The burying and burning secrets are out. A culture shift is happening as individuals and groups respond in various ways to reducing fashion waste and creating a more sustainable clothing culture. We all have capacity to change and influence behaviours when we believe in something and are comfortable to defy convention and conditioning.
Evidence continues to mount that we are overusing resources, indulging in wasteful consumption, polluting our atmosphere and oceans with CO2 and plastic. As individuals we can influence change through more responsible purchasing decisions, while we wait (sometimes in vain) for national governments to adopt sensible policy.
There are plenty of causes to join: National Recycling Week, National Op Shop Week, Buy Nothing New Month, War on Waste, Fashion Revolution, Curing Affluenza, Minimalism, 1 Million Women and Plastic-Free July. They all have in common changing behaviour and buying habits for the good of ourselves and the planet.
Through Textile Beat, I’ve been engaged in three states where local governments are responding from a waste minimisation perspective. Queensland’s capital city Brisbane hosted pop-up second-hand fashion festival Revive for the third year, Gympie Art Gallery hosted a Slow Garment Conversation and Tambo a Slow Fashion weekend.
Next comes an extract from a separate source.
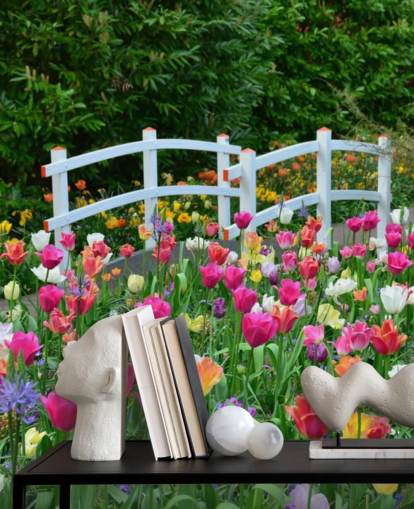 Buntes Gartentapetenwandbild namens Keukenhof Tulips für Esszimmer und Schlafzimmer Buntes Gartentapetenwandbild namens Keukenhof Tulips für Esszimmer und Schlafzimmer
In Victoria, the Ballarat region hosted a Sustainable Fashion Week organised by Grampians Central West Waste and Resource Recovery Group as a can-do celebration of thrifting and creative reuse of textiles to keep them out of landfill. And in New South Wales, Parkes Shire hosted clothes transformation sessions using kitchen waste and simple sewing techniques, while waste company JJ Richards supported slow clothing sessions in Taree and Parkes. These sessions are all about upcycling as an environmental act to transform existing clothes or dormant fabric into garments to suit our needs. The rewards are changed thinking about your wardrobe needs, creative action through a sense of achievement, adventure and fun.
These actions reflect a move to indie personal style – individual and independent – that operates independent of fashion trends and conventional supply chains. It is based on careful collection over time, not buying on sales, enjoying thrifty preloved and reflecting the true you.
People get that the easy availability of cheap fashion made from synthetic fibres has led to increased consumption, exploitation, waste and pollution. It has also led to deskilling and loss of knowledge about how clothes are made.
Mending is now trending, even though it is often cheaper and easier to toss and replace rather than take the time and effort to repair. We mend as a visual statement about sustainable values and care for clothes and the environment. We are inspired by techniques from earlier times and places such as Boro in Japan, Kantha in India, and patch-quilting elsewhere. Then it was done from a place of lack, now it is often a response to excess.
Rethinking clothing culture is what my book Slow Clothing: finding meaning in what we wear is about. Our actions and choices in the way we dress reduce our material footprint. Slow Clothing is a holistic approach. It starts with think, natural, quality, local, few and moves to care, make, revive, adapt and salvage for those who have time and energy for more engaged actions. We can be part of the change to consciously living lightly, buying less (or nothing) and making more.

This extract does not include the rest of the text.